On all sides were beaming faces, smiles, and glad cries of greeting. Underneath these were affectionate hearts quaking with fear lest the home-coming be but a sad one after all. Vaguely they knew a little of what their dear Senorita had been through since she left them; it seemed that she must be sadly altered by so much sorrow, and that it would be terrible to her to come back to the place so full of painful associations. "And the Senora gone, too," said one of the outdoor hands, as they were talking it over; "it's not the same place at all that it was when the Senora was here."
"Humph!" muttered Juan Can, more consequential and overbearing than ever, for this year of absolute control of the estate. "Humph! that's all you know. A good thing the Senora died when she did, I can tell you! We'd never have seen the Senorita back here else; I can tell you that, my man! And for my part, I'd much rather be under Senor Felipe and the Senorita than under the Senora, peace to her ashes! She had her day. They can have theirs now."
When these loving and excited retainers saw Ramona -- pale, but with her own old smile on her face -- coming towards them with her babe in her arms, they broke into wild cheering, and there was not a dry eye in the group.

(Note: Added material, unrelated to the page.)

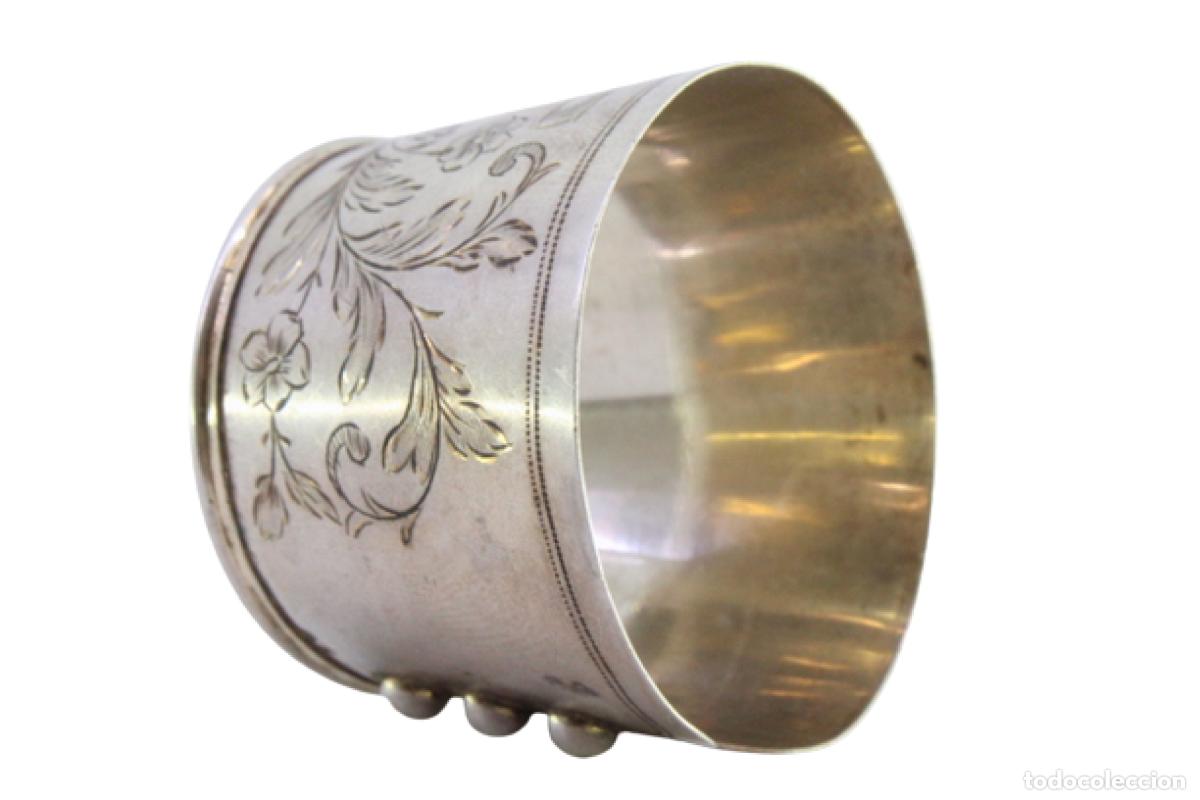 Antiquit&eacute;s: Anillo para servilletas de plata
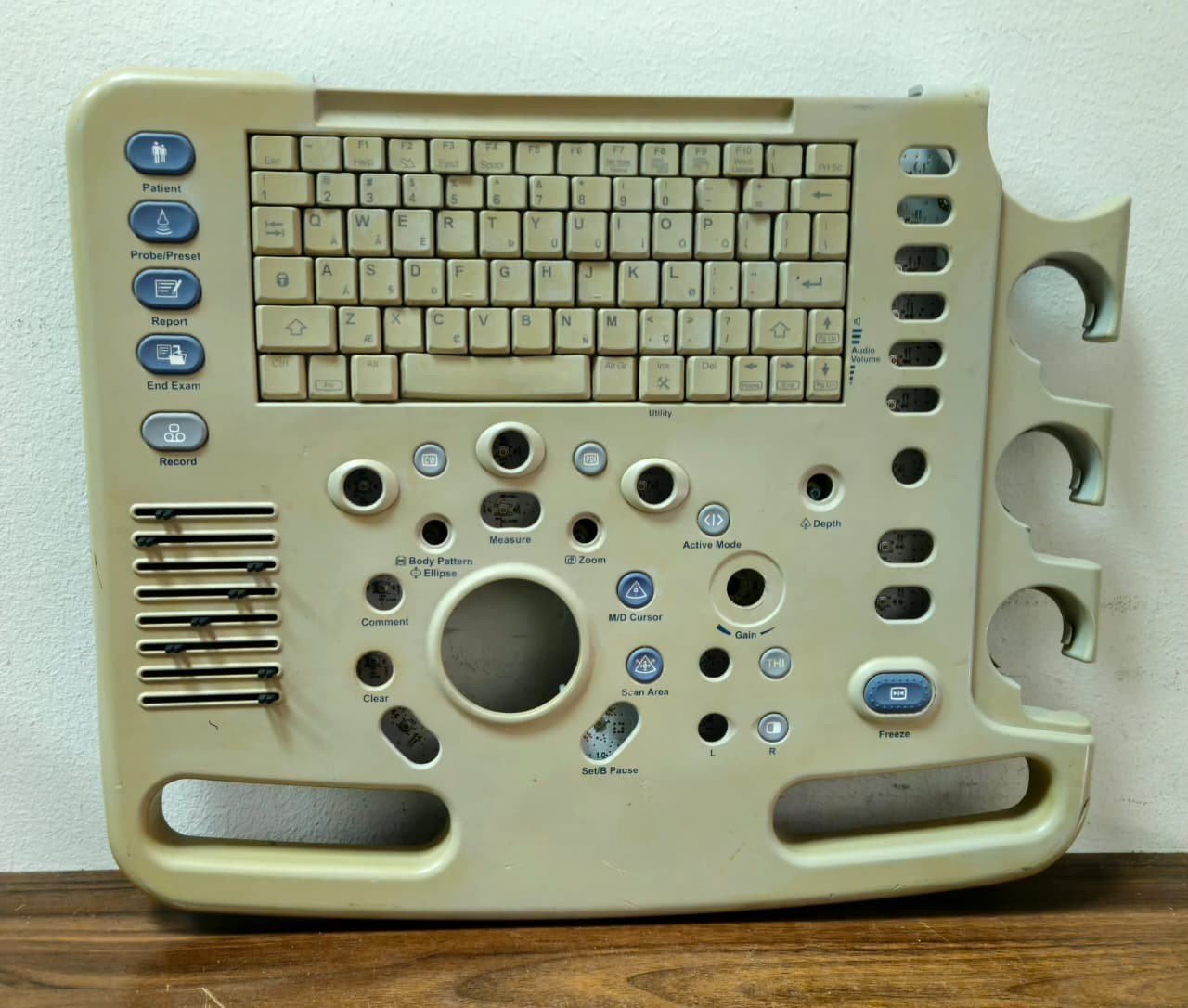 GE LOGIQ P5 Ultrasound Control Panel Keyboard Assembly - P/N 5175097 / 5144536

Singling out old Marda by a glance, Ramona held out the baby towards her, and said in her old gentle, affectionate voice, "I am sure you will love my baby, Marda!"
"Senorita! Senorita! God bless you, Senorita!" they cried; and closed up their ranks around the baby, touching her, praising her, handing her from one to another.
Ramona stood for a few seconds watching them; then she said, "Give her to me, Marda. I will myself carry her into the house;" and she moved toward the inner door.
"This way, dear; this way," cried Felipe. "It is Father Salvierderra's room I ordered to be prepared for you, because it is so sunny for the baby!"
"Thanks, kind Felipe!" cried Ramona, and her eyes said more than her words. She knew he had divined the one thing she had most dreaded in returning,-- the crossing again the threshold of her own room. It would be long now before she would enter that room. Perhaps she would never enter it. How tender and wise of Felipe!